Knocking out a single gene transforms gonads in mice.
Inside every ovary lurks a testicle just waiting to develop. So says a study in mice that further overturns traditional views of sexual development — and reveals that females must constantly suppress their masculine side.
Mathias Treier, a geneticist at the European Molecular Biology Laboratory in Heidelberg, Germany, and his colleagues deleted a gene called FOXL2 in sexually mature mouse ovaries. When they examined the ovaries three weeks later, they had switched sex and started pumping out the hormone testosterone.
"The major finding is that females must actively suppress the male pathway inside the ovary," Treier says. "Here is a gene that is not located on the sex chromosome that makes you stay female."
In many mammals, sex is determined during the early development of the fetus by the activity of a gene called SRY located on the Y sex chromosome, carried only by males. That gene triggers a second gene, called SOX9, which induces testes development.
But Treier's team have found that FOXL2 is a key 'power broker', acting in conjunction with the cell's oestrogen receptor in order to inhibit SOX9 in adult females and preventing the ovaries from producing testosterone. The study is published this week in Cell1.
This study is not the first to transform adult ovaries into testes. In work published in 1999 in Science, John Couse, then at the US National Institute of Environmental Health Sciences in North Carolina, and his colleagues knocked out both types of oestrogen receptor in mice and found that the gonads showed signs of changing sex, but they did not produce testosterone2. High levels of oestrogen can also trigger sex changes in a number of animals, including marsupial mammals.
But the finding that ovaries must actually strive to keep their identity makes this "a very exciting piece of work", says Richard Anderson, a reproductive endocrinologist at the Queen's Medical Research Institute at the University of Edinburgh, UK, who has studied FOXL2. "What they are proposing is that the ovary is not a fixed structure but must maintain its 'ovary-ness'," he says.

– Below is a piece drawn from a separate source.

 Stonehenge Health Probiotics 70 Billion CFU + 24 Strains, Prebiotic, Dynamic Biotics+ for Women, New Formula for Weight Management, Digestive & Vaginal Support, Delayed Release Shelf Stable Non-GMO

Treier had expected to achieve sex reversal in the mice by knocking out FOXL2 early in sexual development, rather than having to wait until the mice were mature. He was puzzled to find that knocking out the gene in immature mice stopped the ovaries from developing properly and led to their degeneration. He says that it has taken his group ten years to understand the gene's true role in sex determination.
Treier believes that FOXL2 could be one of the oldest sex-determining genes in vertebrates. For example, it is known that female goats that are missing the section of chromosome containing FOXL2 develop as males. Regulation of the gene may also enable female fish to change sex after sexual development, and FOXL2 could underlie the masculinization seen in some menopausal women, Treier says.

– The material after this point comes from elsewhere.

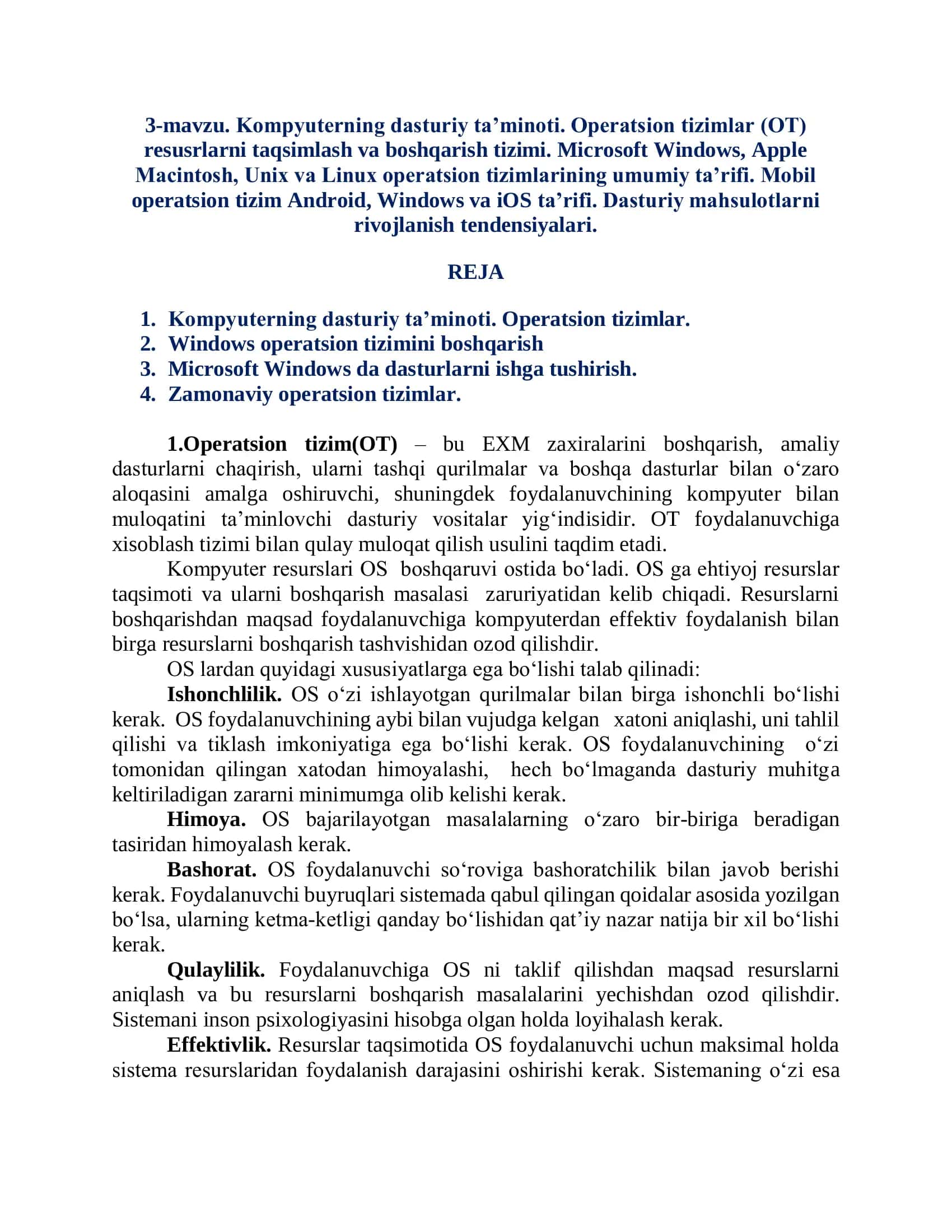 Operatsion tizimlar (OT)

Because the ovarian cells that give rise to eggs were not modified by the gene deletion, Treier's transsexual mice could not make sperm. The next step, he says, is to add sperm stem cells to these modified ovaries to see if they can produce sperm. "It's outlandish, and the chance that it will work is very small," he says. "But you never know."
Uhlenhaut, N. H. et al. Cell 139, 1130-1142 (2009).
Couse, J. F. et al. Science 286, 2328-2331 (1999).